# 2010 Force brifter body ergonomics



## gamara (May 20, 2002)

I've decided to make the leap & got myself a new force setup. As none of the shops in my area have sram, I bought everything new on line without actually trying it out first. Ok so I'm coming from a shimano & campy background & my first impression of the levers is that although the quality is v. high, the ergonomics just don't agree with me.

Also I'm stumped by the lack of a solid resting spot for my thumb when on the top of the hoods. It seems like there is all this space between the body & the rubber hood on the inside where my thumb would naturally rest. Is this normal for all sram shifters?? It seems that the body is cutout there for the sweep of the shifter & so when I want to grasp the lever harder for more leverage, my thumb just mashes down on the rubber hood until it moves against the edge of the cutout. 
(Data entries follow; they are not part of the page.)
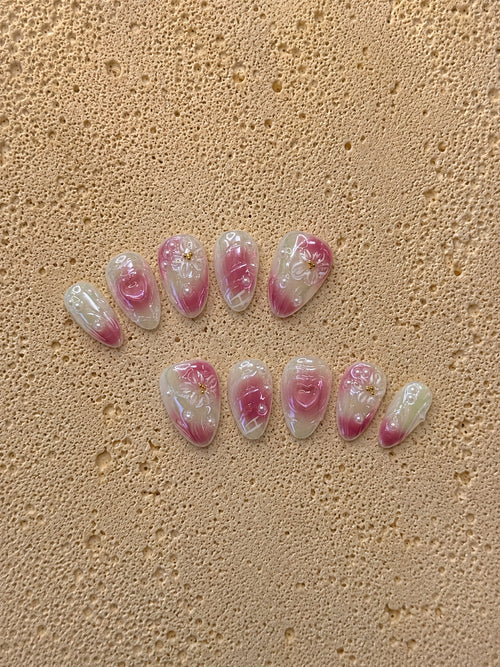 Blush Rose Shell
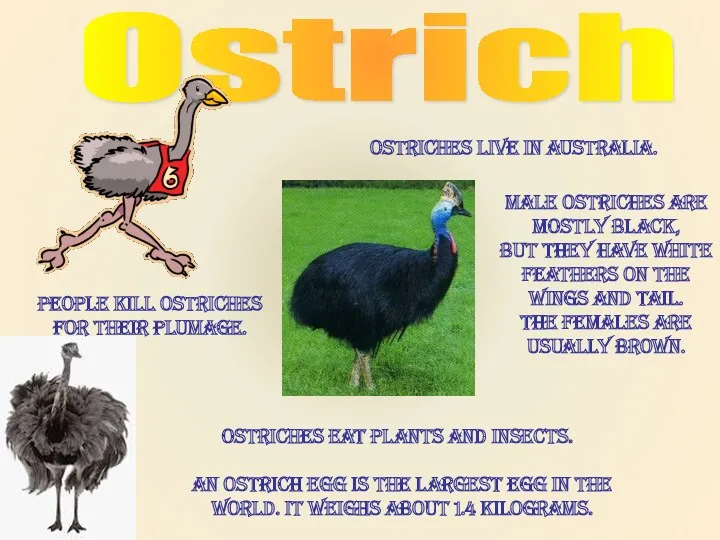 Ostrich An ostrich egg is the largest egg in the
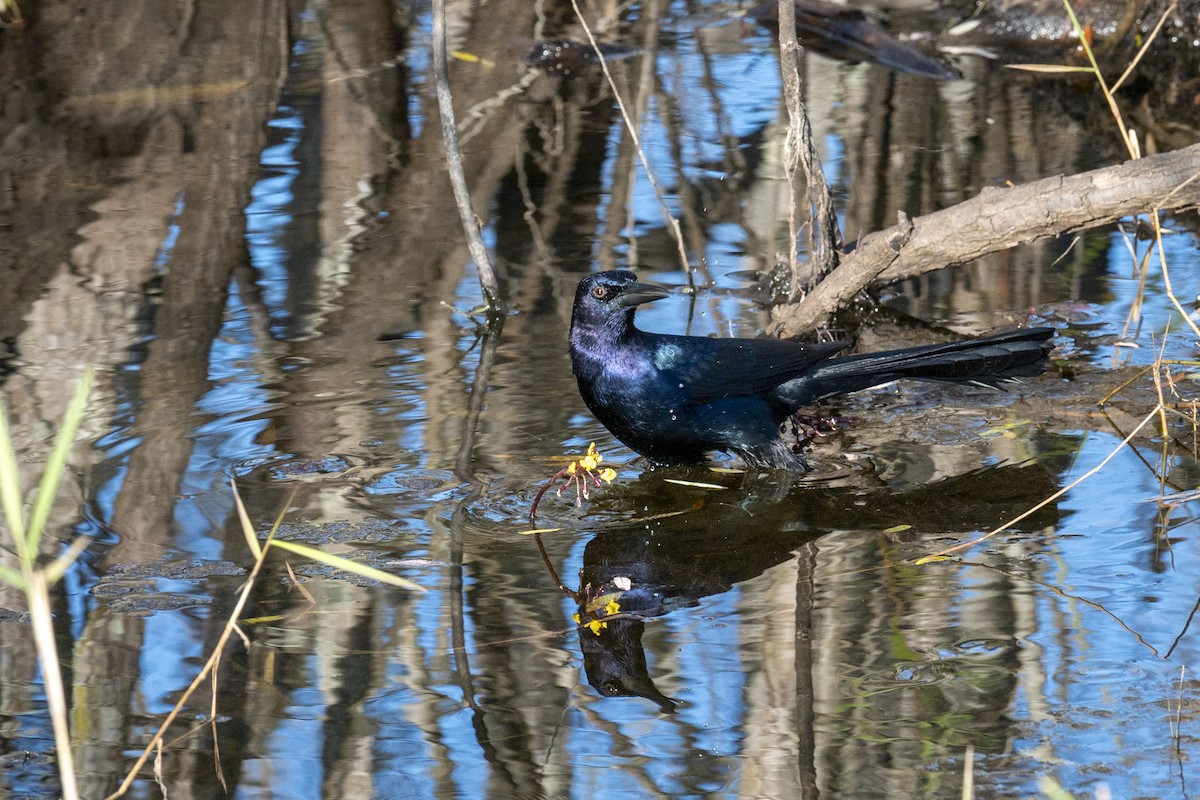 Common Grackle - ML629062039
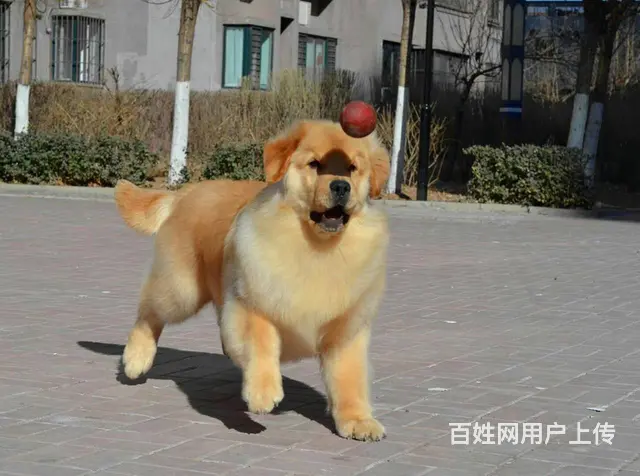 纯血统金毛幼犬、疫苗齐全包养活、质保全国送货 - 图片 1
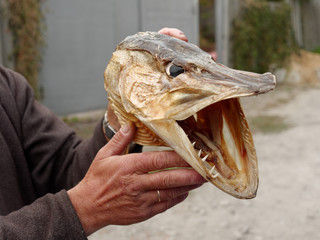 stuffed head of a big pike in the hands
This is really bumming me out cuz I spent all this money with such high expectations & it just doesn't feel natural in my hands. Anyone else have similar issues regarding poor resting spot for the thumb & did you do anything about it?


----------



## AvantDale (Dec 26, 2008)

I've noticed that "empty" spot too, but it has never bothered me at all. My thumb just kind of floats above it...even when moving side to side out of the saddle. Maybe you need to put some miles to get used to it.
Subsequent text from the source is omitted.